The process is based on the same principle as processing sugar cane. The trick, Bertrand says, is not pressing all the “sugary juice” out of the stalks.

“Because in the lab, when we do the pressing to the last drop, there’s no more sugar in the bagasse,” says Bertrand, a forage crop physiologist and biochemist. But even after double-pressing in the field, there is still some residual sugar left in the stalk, which leaves the bagasse with sufficient carbohydrate and nutrient composition to be useful as high-quality silage

The AAFC researchers and their team spent years testing many types of presses in the lab, measuring the sugar concentration and the quantity of juice obtained from each method of pressing.

“We finally concluded that the hydraulic press was the one that was the most practical and can be used in the field,” Bertrand says.

The hydraulic press does not get blocked with leaves and other biomass, and can be deployed in the field with minimal modification.
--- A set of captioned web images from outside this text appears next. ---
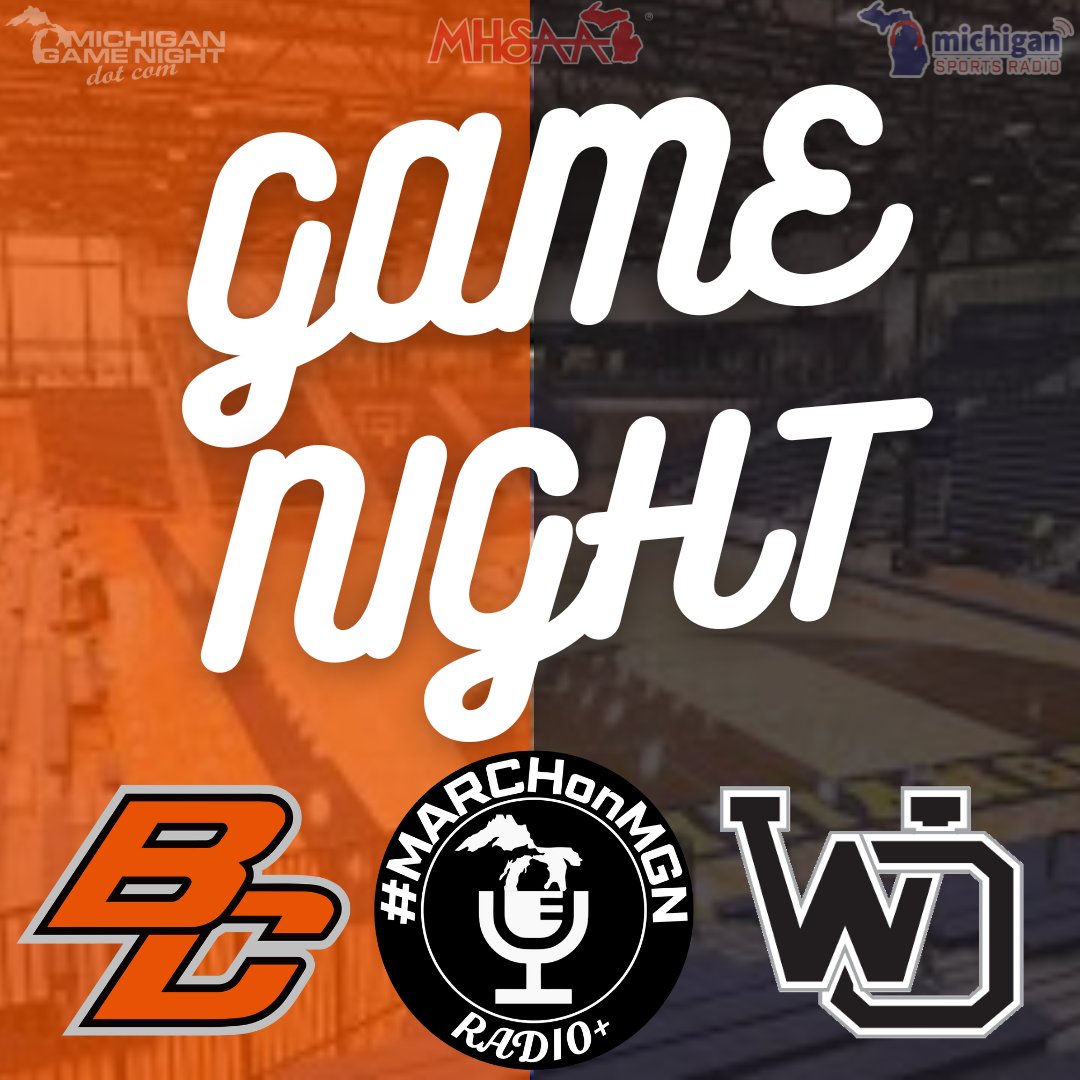 #MARCHonMGN GAME NIGHT 🏆: MHSAA Girls D1 Regional Final 🏀: @wopanthers vs. @gobcbulldogs 🏟️: Hudsonville Fieldhouse ⏰: 6:30pm Pre-Game Show 📻 MGN Radio+ Coverage 💻: MichiganSportsRadio.com/listen-live/ 📱: @MISportsRadio App ▶️: YouTube.com/@MIgamenight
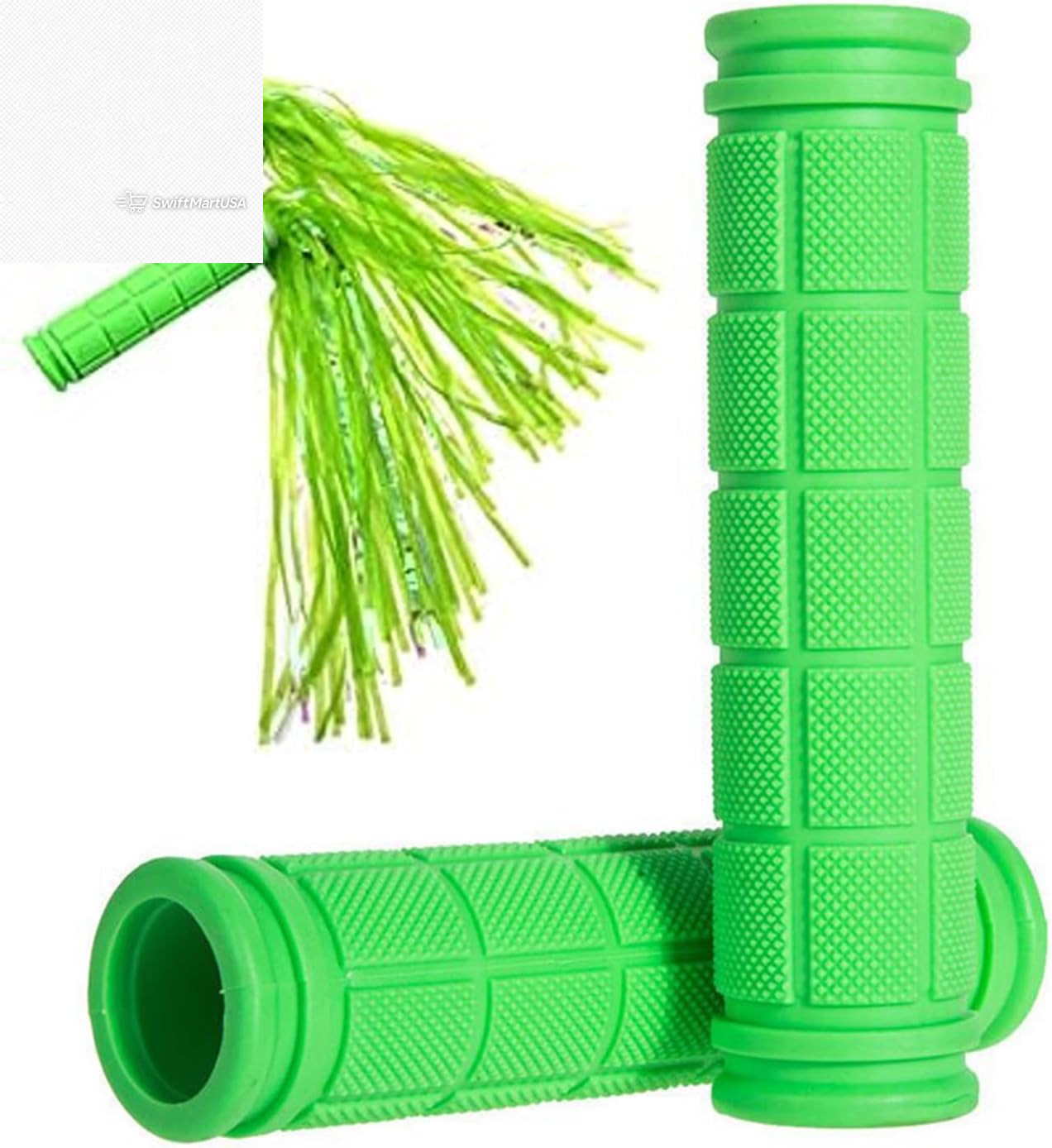 Kids Bike Handlebar Grips with Tassel Streamers Girls Boys Bicycle Scooter BMX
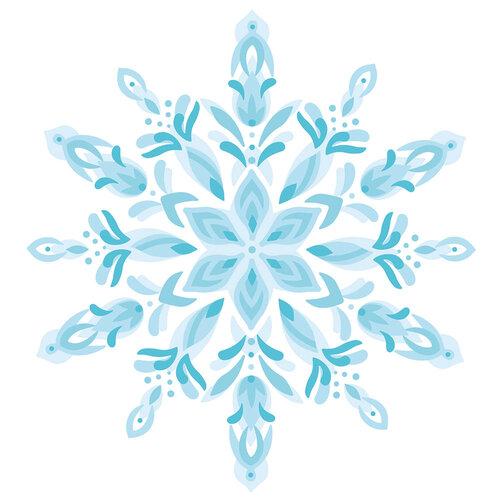 Sizzix - Layered Stencils - Snowflake - 4 Pack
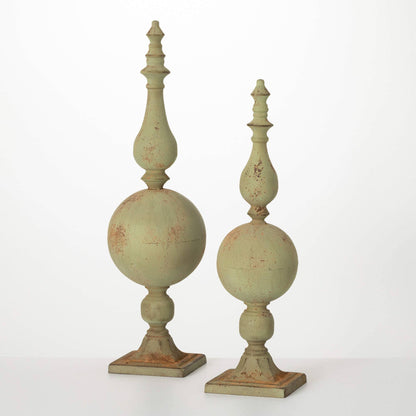 Patina Finial Set of 2, 28"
The millet stems are pressed immediately upon harvesting, with two pressings of 90 seconds each. Speedy extraction is essential because the sugars inside the stalk degrade over time, meaning in-field pressing gets the highest return, Bertrand explains.

A tropical cereal, millet can grow up to 14-feet tall. But the plant is cut before maturity when used for biofuel production “because we want the sugar to be in the stalk” and not the grains, Bertrand says. There is “practically no grain” in the bagasse, she adds, because the plant is cut before it fully flowers.

AAFC’s Annick Bertrand has been looking into how sweet pearl millet can be turned into a source of silage and biofuel additive.
Photo courtesy of TC Media.

Sweet pearl millet is a forage millet, as contrasted to grain millets, which are grown for their seeds, have a longer maturing process and are not as well adapted to Canadian weather. Forage millets have been bred to have a higher sugar content, making them suitable for biofuel and animal feed.

“It’s higher than any other forage crop, but it’s lower than sugarcane or maize,” Bertrand says of sweet millet’s sugar content.

Sweet sorghum slightly outperforms sweet millet in terms of sugar yield, she adds, but both are “very promising” options for Canada to increase bioethanol production because they are better adapted to extreme temperatures “and can grow under conditions that are not optimal for maize or other energy crops.”

“These species have advantages compared to maize because they are more drought-resistant and they don’t need that much water or fertilizer,” Bertrand says.

Her lab has come up with an idea for industry: hydrate the dried maize grain used to make bioethanol with millet juice instead of water, adding even more sugar to the mix and therefore producing more biofuel. “It’s a direct equation – the more sugar concentration you add, the more efficient the transformation to ethanol,” Bertrand says.

With it being “relatively simple” for growers to set up and use the hydraulic press in their own fields, and with millet able to be grown on poor-quality soil unsuitable for corn, Bertrand could see millet production scaling up in Canada as its benefits for biofuel become more widely known. She says, “In the context of climate change and the production of bioethanol, I think these plants are promising.”